Looking for more articles on similar topics like this one? Check out our time series articles.
Frequently asked questions
Answer. Mean absolute error (MAE) averages the absolute differences between predictions and actual values, providing a simple way to evaluate model performance. A smaller MAE means more accurate forecasts and a more reliable model.
Answer. Seasonality shows the regular and predictable variations in a time series that arise from seasonal influences. For example, annual retail sales typically increase during the Christmas period. It is important to consider these factors.
Answer.
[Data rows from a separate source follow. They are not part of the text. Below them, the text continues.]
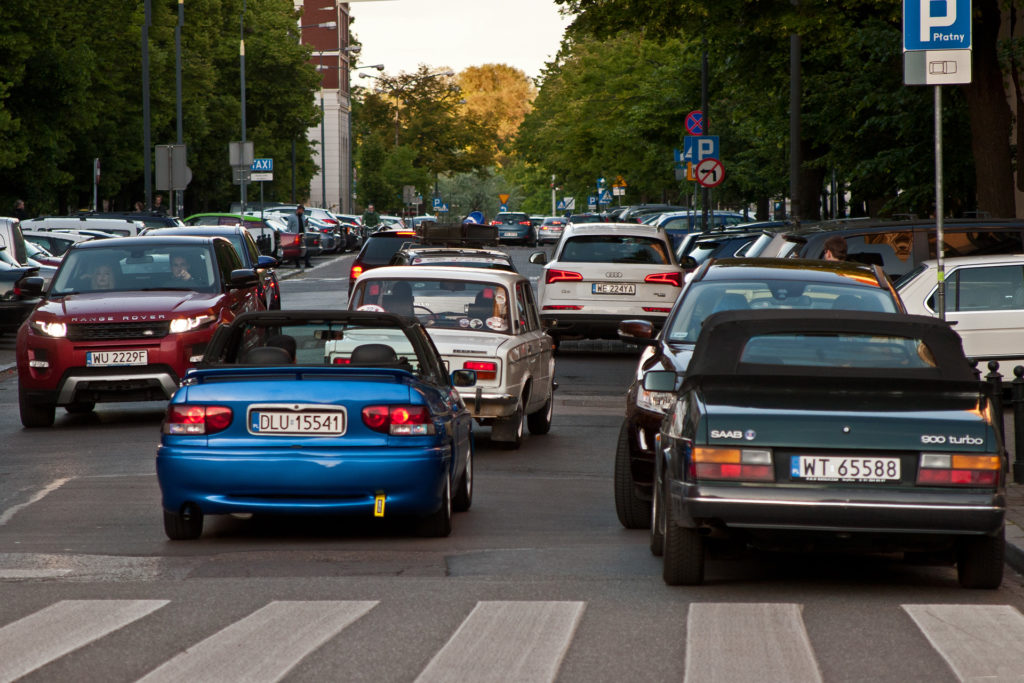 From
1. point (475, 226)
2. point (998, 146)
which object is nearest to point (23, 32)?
point (475, 226)

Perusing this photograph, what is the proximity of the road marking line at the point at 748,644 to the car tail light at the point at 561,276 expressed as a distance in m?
16.8

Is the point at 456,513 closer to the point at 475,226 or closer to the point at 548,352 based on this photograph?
the point at 548,352

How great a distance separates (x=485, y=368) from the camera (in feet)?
46.4

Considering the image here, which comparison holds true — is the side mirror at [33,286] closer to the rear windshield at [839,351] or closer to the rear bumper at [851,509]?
the rear windshield at [839,351]

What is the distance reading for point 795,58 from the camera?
33062mm

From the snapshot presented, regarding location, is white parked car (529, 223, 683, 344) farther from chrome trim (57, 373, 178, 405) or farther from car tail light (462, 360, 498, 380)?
car tail light (462, 360, 498, 380)

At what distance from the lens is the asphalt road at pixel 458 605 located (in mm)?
6711

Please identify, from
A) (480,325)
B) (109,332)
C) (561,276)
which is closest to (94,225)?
(561,276)

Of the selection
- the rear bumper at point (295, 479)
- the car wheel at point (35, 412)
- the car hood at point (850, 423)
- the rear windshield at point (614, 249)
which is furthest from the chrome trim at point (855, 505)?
the rear windshield at point (614, 249)

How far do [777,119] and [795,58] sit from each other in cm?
514

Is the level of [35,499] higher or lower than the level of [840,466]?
lower

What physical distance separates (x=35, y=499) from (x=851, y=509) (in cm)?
614

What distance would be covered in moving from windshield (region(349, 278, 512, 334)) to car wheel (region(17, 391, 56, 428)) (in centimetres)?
346

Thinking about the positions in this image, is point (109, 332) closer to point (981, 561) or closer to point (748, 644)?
point (981, 561) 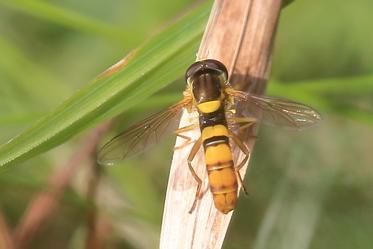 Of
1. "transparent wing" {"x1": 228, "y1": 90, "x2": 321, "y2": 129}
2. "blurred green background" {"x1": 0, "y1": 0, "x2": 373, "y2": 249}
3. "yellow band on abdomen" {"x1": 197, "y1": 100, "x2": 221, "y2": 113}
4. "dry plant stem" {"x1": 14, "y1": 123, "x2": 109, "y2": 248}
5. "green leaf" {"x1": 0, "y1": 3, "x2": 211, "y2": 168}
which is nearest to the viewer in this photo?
"green leaf" {"x1": 0, "y1": 3, "x2": 211, "y2": 168}

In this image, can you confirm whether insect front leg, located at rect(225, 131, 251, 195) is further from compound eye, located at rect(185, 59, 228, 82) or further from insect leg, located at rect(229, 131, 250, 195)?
compound eye, located at rect(185, 59, 228, 82)

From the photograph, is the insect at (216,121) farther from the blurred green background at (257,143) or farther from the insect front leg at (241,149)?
the blurred green background at (257,143)

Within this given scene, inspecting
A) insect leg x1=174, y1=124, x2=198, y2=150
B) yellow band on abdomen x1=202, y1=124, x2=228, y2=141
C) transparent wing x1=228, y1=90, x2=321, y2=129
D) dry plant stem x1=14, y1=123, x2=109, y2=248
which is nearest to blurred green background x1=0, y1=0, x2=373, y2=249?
dry plant stem x1=14, y1=123, x2=109, y2=248

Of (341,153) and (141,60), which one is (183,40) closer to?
(141,60)

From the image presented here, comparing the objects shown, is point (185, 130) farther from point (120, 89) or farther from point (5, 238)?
point (5, 238)

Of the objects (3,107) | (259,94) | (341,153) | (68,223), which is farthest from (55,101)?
(259,94) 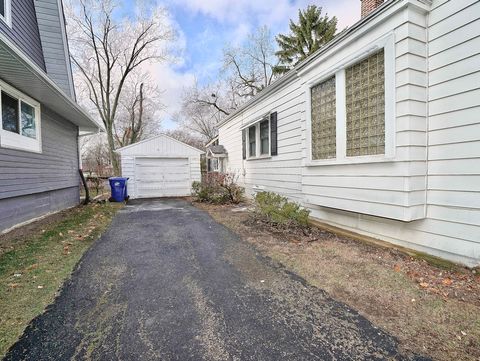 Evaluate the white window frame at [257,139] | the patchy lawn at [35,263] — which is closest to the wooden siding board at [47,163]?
the patchy lawn at [35,263]

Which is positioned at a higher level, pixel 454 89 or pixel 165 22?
pixel 165 22

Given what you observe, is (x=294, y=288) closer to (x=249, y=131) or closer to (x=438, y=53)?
(x=438, y=53)

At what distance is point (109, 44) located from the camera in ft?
62.3

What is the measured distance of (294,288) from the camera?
9.07ft

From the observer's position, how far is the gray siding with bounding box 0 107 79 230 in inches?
199

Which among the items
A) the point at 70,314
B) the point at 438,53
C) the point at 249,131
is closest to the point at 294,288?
the point at 70,314

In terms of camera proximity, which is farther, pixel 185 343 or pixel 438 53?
pixel 438 53

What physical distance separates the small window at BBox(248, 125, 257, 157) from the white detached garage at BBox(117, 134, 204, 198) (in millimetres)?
3778

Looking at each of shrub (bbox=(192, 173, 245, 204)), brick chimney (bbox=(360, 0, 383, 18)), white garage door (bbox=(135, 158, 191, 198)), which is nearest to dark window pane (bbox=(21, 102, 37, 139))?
white garage door (bbox=(135, 158, 191, 198))

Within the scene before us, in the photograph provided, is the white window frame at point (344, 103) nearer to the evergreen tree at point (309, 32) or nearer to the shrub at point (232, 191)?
the shrub at point (232, 191)

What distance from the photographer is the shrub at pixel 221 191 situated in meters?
9.17

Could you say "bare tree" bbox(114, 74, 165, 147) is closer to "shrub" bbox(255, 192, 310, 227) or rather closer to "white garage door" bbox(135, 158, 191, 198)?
"white garage door" bbox(135, 158, 191, 198)

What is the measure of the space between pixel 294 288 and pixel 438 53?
359 cm

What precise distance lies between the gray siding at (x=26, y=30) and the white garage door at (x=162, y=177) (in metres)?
5.02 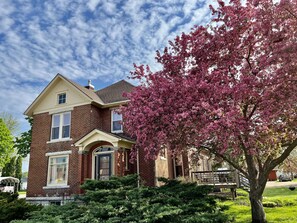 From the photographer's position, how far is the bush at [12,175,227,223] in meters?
7.30

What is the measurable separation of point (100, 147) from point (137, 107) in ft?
26.6

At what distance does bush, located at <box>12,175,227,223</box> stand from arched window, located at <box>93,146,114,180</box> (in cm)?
507

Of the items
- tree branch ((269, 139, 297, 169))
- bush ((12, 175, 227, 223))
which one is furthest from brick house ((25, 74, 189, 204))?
tree branch ((269, 139, 297, 169))

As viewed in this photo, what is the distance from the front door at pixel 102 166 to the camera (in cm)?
1584

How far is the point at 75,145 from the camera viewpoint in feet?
51.2

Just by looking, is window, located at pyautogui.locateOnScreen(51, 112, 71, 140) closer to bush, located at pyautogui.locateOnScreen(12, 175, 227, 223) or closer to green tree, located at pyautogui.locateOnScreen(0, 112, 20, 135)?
bush, located at pyautogui.locateOnScreen(12, 175, 227, 223)

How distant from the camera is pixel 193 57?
30.3ft

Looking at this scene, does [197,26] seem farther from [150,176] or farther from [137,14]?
[150,176]

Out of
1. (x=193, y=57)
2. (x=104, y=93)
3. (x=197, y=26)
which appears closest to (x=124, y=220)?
(x=193, y=57)

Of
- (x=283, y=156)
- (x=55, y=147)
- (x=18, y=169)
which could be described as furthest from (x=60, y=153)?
(x=18, y=169)

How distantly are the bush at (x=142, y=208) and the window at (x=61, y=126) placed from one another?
8.36 metres

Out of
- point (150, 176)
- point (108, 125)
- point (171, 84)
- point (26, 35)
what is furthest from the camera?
point (108, 125)

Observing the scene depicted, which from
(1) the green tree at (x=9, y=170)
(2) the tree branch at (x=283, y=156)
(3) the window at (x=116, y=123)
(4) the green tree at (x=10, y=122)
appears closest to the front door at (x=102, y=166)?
(3) the window at (x=116, y=123)

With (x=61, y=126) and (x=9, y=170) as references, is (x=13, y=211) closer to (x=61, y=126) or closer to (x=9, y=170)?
(x=61, y=126) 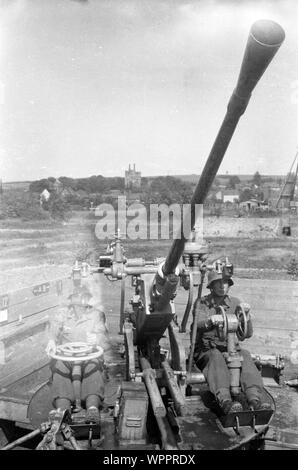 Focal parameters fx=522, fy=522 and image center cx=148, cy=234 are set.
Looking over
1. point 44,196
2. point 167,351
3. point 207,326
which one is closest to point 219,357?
point 207,326

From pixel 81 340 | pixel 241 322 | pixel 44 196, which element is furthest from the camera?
pixel 44 196

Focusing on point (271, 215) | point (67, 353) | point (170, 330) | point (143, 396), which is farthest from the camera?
point (271, 215)

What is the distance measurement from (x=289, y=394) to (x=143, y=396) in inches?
120

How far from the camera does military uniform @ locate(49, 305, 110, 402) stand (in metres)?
4.83

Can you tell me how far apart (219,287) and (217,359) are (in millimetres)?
997

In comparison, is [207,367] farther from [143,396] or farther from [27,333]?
[27,333]

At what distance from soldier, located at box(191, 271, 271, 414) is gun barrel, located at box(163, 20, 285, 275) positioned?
5.61ft

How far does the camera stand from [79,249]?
2292 centimetres

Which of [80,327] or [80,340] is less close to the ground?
[80,327]

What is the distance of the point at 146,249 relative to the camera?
2253 cm

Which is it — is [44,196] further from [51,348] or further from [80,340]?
[51,348]

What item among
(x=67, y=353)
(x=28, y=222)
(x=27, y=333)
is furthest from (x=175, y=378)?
(x=28, y=222)

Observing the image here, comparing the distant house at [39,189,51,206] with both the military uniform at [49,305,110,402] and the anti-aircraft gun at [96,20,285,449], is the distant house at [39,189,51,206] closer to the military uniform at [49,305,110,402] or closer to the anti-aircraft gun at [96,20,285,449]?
the military uniform at [49,305,110,402] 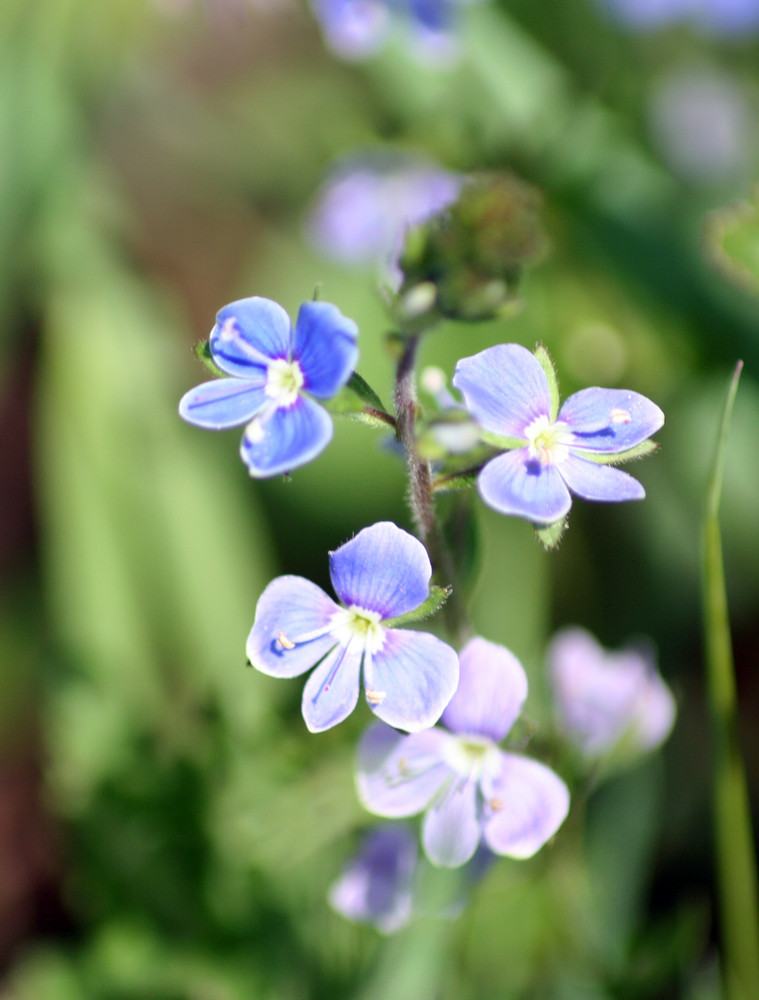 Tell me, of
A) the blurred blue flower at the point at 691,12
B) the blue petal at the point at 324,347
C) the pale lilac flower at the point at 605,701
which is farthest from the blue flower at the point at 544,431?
the blurred blue flower at the point at 691,12

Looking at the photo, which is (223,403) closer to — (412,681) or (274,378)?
(274,378)

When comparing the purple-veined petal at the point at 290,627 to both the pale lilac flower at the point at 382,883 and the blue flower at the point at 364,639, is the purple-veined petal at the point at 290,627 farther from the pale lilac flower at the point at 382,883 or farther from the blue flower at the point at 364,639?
the pale lilac flower at the point at 382,883

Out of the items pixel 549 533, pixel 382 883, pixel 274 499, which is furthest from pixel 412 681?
pixel 274 499

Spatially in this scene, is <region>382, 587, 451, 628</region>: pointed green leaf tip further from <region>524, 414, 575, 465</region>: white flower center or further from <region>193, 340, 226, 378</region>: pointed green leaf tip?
<region>193, 340, 226, 378</region>: pointed green leaf tip

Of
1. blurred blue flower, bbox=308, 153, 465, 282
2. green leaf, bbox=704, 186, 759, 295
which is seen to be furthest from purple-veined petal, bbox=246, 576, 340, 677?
blurred blue flower, bbox=308, 153, 465, 282

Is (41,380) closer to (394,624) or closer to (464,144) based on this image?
(464,144)

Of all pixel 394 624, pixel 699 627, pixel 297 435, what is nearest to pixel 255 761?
pixel 394 624

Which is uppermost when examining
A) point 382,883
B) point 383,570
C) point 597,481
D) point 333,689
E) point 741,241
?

A trend in time series data denotes a direction or sustained movement observed over time, which can be upward, downward, or stable. Identifying trends is crucial to understanding the long-term behavior of data as it affects the forecast and effectiveness of the predictive model.
Answer. The Timeseries Foundation model predicts a single variable by examining its historical trends. By using a decoder-only transformer-based architecture, it provides accurate forecasts based on past values of that variable.